Most “AI issue tracker” demos stop at creating a ticket. Hermes is more useful because Linear can become context for a larger agent run. The agent can inspect the issue, look at the repository, check recent pull requests, decide what information is missing, and then produce either a code change, a QA note, a documentation patch, or a clearer follow-up issue.

Routing issue types to specialist agents

Different Linear work should not all go to the same generic prompt. Bugs can load a code-focused profile with GitHub access. Documentation issues can load a writing profile with the docs repo and Notion context. QA issues can load browser and terminal tools. Hermes profiles and skills let you keep those behaviors separate while Linear stays the shared work queue.

Human approval still matters

Linear write access should be staged. Start by letting Hermes read and summarize. Then allow issue creation for low-risk workflows. Only later should it update statuses or post comments automatically, and even then the skill should define exactly when approval is required. That keeps the tracker trustworthy instead of turning it into an unreviewed bot log.

Optional demo video

Hermes Agent Just Became a Project ManagerNemanja Mirkovic

Nemanja Mirkovic demonstrates using Hermes Agent as a project manager with the Kanban board plugin. Relevant for Linear users: the video shows how to structure multi-step work into agent-assigned cards, route tasks to specialist profiles, track progress, and give feedback via card comments. The same patterns apply to connecting Linear issues to Hermes agent workflows via the Linear API.

  • 0:00Introduction — Kanban board as project manager
  • 0:47Installing via /update and running /kanban
  • 1:52Assigning tasks to writer and designer profiles
  • 2:30Watching cards move through the Kanban board
  • 3:44Different models per agent profile
  • 6:45Card comments for mid-task feedback
  • 7:30Parent and child task dependencies
  • 9:10GitHub Issues as an alternative orchestration layer

Common setup issues

  • No Linear tools show up — run hermes mcp list and confirm the Linear catalog entry is installed and enabled. Start a fresh Hermes session after changing MCP configuration.
  • OAuth opens but the agent still cannot read issues — finish the browser authorization flow, then run hermes mcp test linear or reopen Hermes so the client reconnects.
  • Hermes creates issues in the wrong place — define the default Linear team, project, labels, and priority mapping in a skill or prompt template before enabling write-heavy workflows.
  • The video feels unrelated — treat it as an optional Kanban/project-manager demo. The actual Linear setup uses the Linear MCP; the Kanban demo only explains how Hermes decomposes multi-step work.

Keep building the workflow

FAQ

Does Hermes have a native Linear adapter?

The recommended path is the Linear MCP catalog entry. MCP makes Linear tools available to Hermes without writing a custom native tool first.

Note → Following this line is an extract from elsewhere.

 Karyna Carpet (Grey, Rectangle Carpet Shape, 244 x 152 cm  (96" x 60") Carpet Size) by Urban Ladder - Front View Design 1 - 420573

What does Hermes need to connect to Linear?

Install the Linear MCP catalog entry, complete OAuth or the credential prompt, then choose which Linear tools Hermes may use. Start read-only and add write tools after one successful smoke test.

Can Hermes create Linear issues from conversations?

Yes. Once Linear write tools are enabled, Hermes can turn meeting notes, support threads, QA findings, or code-review comments into issues with titles, descriptions, priorities, and labels.

Can Hermes connect Linear issues to GitHub pull requests?

Yes. Pair Linear with the GitHub integration so Hermes can read the issue, inspect code, create a branch or pull request, and then report the PR link back to Linear or your messaging channel.

Should I use Linear or Hermes Kanban?

Use Linear for the team-visible tracker. Use Hermes Kanban for the agent’s internal execution plan when a job needs multiple steps, subagents, dependencies, or progress comments.

Is it safe to let an agent update Linear?

It can be safe if you stage permissions: read-only first, issue creation next, and status/comment updates only after your team defines clear conventions and approval points.

How is Hermes different from Linear built-in AI?

Linear AI helps inside Linear. Hermes can operate across Linear, GitHub, terminal tools, browsers, docs, and messaging channels, so it can execute work and not only rewrite issue text.